笹井さん(本名・筒井宏之)は1982年、佐賀県有田市生まれ。2004年から作歌を始めて05年、連作「数えてゆけば会えます」で第4回歌葉新人賞。07年、未来短歌会に入会し、同年度の未来賞。08年の第一歌集『ひとさらい』も各方面で高い評価を受けたが、09年に亡くなった。
宏之さんは10年ほど自宅で療養生活を送っていた。『ひとさらい』の「あとがき」で書いている。
「病名は、重度の身体表現性障害。自分以外のすべてのものが、ぼくの意識とは関係なく、毒であるような状態です・・・どんなに心地よさやたのしさを感じていても、それらは耐えがたい身体症状となって、ぼくを寝たきりにしてしまいます」。
没後の11年に作品集『えーえんとくちから』(パルコ出版)が出版された。今回は同書の文庫化だ。父の筒井孝司さんの「あとがき」によると、宏之さんが書き綴っていたブログには、短歌や詩とともに楽曲も記録されていた。「自分の体と心の調子を整えながら、音を、そしてことばを紡いでいたのでしょう」と父は推測している。ピアノが大好きで、そのほかフルート、ギター、サックスなどを体調の良いときは演奏していたという。
本書のタイトル「えーえんとくちから」というのは、いったい何のことかと思った。本書を読んで、「えーえんとくちからえーえんとくちから永遠解く力ください」という短歌から採っているということがわかった。この一首に象徴されるように、笹井さんは語感とリズム感が鋭敏で、歌にはひらがなが多い。
「しっとりとつめたいまくらにんげんにうまれたことがあったのだろう」 「切れやすい糸でむすんでおきましょう いつかくるさようならのために」 「ふわふわを、つかんだことのかなしみの あれはおそらくしあわせでした」
勝手な類推で恐縮だが、やわらかい日本語で人気がある谷川俊太郎さんの詩を、短歌という型に移し替えたかのようだと思った。本書の冒頭には「短歌というみじかい詩を書いています」という本人の言葉も記されている。
ページをめくると、「わたくしは水と炭素と少々の存在感で生きております」という歌もあった。谷川さんの『二十億光年の孤独』という有名な詩を、たった一行に凝縮したような緊迫感がある。

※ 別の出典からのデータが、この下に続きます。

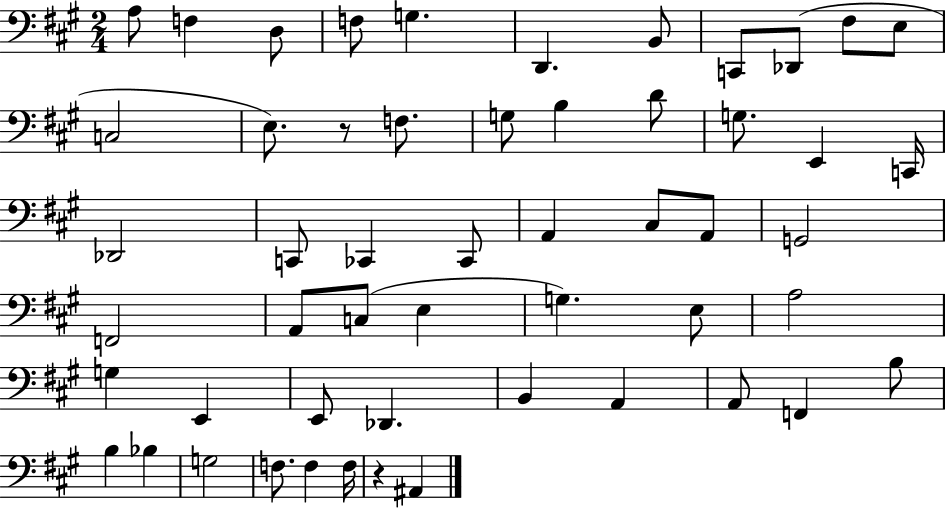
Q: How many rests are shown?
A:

父親の孝司さんは有田焼の仕事をしながら、有田焼の啓もうのため碗琴演奏者としての活動も続けている。碗琴とは、有田焼の茶碗や鉢、湯呑みなどをピアノの鍵盤ように並べて、鉄琴や木琴などに近い音を出す楽器演奏だ。孝司さんは内外の様々な場所で演奏しているが、いつも、碗琴の腕を並べた卓上の中央には宏之さんの歌集を置いて気持ちを一つにしているそうだ。
没後10年、いまも父の心の中で「夭折歌人」は生き続けている、と感じた。